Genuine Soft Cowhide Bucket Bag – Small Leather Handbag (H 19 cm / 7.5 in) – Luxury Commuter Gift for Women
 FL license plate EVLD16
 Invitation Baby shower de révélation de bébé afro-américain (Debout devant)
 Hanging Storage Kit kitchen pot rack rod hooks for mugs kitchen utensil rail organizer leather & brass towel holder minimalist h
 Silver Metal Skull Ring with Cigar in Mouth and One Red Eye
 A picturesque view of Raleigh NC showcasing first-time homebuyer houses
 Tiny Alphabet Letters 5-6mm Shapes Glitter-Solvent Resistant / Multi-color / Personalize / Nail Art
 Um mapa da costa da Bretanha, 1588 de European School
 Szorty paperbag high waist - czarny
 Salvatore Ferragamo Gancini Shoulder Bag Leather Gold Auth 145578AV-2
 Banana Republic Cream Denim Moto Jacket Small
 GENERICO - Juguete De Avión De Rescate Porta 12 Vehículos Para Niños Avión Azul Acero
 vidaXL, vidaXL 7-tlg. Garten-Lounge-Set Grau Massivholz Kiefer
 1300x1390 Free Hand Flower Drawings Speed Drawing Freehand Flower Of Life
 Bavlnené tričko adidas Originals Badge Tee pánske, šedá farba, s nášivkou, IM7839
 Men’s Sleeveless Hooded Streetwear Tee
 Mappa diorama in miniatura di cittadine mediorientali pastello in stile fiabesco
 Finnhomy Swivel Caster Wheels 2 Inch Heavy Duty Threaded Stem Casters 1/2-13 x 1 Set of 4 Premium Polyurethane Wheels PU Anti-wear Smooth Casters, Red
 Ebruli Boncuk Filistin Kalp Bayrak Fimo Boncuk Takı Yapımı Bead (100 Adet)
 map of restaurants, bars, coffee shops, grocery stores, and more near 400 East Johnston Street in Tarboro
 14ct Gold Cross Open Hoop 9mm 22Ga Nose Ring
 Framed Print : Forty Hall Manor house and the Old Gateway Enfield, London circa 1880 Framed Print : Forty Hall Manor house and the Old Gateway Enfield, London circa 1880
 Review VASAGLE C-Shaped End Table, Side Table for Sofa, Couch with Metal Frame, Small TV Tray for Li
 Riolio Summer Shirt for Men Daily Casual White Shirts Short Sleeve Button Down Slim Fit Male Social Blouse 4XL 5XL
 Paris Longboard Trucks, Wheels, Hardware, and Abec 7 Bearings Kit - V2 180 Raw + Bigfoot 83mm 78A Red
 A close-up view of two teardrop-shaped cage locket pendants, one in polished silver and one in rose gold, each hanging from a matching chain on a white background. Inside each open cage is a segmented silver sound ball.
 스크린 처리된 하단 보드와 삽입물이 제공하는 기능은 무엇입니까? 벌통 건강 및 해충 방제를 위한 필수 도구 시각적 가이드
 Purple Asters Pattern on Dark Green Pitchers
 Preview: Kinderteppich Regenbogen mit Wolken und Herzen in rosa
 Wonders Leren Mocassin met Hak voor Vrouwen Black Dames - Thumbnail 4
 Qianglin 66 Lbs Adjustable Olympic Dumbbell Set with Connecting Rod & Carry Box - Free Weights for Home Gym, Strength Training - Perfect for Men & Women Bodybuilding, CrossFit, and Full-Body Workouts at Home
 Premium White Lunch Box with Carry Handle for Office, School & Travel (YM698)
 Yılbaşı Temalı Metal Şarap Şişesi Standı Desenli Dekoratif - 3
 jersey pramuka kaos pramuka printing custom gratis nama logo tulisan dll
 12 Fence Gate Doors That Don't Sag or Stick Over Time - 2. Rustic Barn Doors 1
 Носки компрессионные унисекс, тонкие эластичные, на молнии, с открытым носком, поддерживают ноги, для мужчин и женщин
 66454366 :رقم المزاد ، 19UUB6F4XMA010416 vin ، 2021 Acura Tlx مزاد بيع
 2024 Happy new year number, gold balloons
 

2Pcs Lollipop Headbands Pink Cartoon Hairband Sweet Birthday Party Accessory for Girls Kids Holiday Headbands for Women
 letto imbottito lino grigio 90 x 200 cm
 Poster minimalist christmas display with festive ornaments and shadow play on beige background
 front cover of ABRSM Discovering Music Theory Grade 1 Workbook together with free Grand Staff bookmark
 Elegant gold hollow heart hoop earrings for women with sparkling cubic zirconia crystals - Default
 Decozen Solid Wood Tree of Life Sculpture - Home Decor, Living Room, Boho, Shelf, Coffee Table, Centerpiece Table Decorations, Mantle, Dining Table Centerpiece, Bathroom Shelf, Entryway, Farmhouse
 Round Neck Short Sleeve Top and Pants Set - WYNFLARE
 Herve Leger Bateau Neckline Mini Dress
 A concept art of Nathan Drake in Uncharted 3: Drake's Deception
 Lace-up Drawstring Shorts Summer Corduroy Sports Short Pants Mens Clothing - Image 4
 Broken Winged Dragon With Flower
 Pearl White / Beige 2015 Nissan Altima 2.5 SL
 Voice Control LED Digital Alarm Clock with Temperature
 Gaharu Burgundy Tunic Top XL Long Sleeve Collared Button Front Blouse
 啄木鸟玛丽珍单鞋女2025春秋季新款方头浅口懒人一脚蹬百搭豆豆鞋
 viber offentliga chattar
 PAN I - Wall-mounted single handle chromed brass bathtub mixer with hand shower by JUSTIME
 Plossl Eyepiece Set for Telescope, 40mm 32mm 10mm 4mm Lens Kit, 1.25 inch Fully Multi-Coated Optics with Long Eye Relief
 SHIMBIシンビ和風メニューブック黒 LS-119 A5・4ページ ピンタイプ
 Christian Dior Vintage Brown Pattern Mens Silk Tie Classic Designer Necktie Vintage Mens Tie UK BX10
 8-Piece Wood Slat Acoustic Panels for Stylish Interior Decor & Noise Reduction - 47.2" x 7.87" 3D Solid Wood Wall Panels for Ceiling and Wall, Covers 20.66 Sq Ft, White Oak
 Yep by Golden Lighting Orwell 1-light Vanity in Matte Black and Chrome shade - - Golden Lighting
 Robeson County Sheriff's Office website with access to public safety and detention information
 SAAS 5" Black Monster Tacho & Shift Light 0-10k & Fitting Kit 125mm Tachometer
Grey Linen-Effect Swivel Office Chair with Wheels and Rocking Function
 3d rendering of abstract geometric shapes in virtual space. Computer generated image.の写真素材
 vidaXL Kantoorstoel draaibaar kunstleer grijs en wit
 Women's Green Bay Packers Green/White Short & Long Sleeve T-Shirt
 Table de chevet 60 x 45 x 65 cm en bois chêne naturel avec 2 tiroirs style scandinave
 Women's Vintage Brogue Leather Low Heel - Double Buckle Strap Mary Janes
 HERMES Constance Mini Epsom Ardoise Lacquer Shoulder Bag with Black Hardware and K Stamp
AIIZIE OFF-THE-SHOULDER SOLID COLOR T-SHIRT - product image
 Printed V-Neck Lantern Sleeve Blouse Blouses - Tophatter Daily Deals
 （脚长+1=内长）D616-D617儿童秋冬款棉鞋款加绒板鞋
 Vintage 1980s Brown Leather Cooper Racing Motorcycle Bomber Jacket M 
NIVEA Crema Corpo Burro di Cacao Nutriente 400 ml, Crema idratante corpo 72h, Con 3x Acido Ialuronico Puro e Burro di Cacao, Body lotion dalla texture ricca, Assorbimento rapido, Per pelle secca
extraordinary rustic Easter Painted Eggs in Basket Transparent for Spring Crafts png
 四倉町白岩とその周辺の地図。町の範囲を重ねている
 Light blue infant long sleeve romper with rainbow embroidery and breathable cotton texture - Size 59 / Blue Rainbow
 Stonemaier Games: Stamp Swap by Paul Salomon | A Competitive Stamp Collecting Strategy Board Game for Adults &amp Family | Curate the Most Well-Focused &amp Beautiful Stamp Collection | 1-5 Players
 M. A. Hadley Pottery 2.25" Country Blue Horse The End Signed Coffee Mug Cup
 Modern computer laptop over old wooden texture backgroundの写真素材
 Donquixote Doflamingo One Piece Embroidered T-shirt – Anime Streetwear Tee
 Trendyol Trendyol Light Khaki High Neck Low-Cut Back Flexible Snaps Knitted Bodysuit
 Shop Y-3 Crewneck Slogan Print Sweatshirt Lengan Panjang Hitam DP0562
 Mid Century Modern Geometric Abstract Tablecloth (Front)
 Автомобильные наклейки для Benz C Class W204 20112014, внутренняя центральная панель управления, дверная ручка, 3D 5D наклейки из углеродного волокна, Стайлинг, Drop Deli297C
■ ■ ■ ■ ■
Copy every line from the material in which the word "Pants" can be found.

 Round Neck Short Sleeve Top and Pants Set - WYNFLARE
 Lace-up Drawstring Shorts Summer Corduroy Sports Short Pants Mens Clothing - Image 4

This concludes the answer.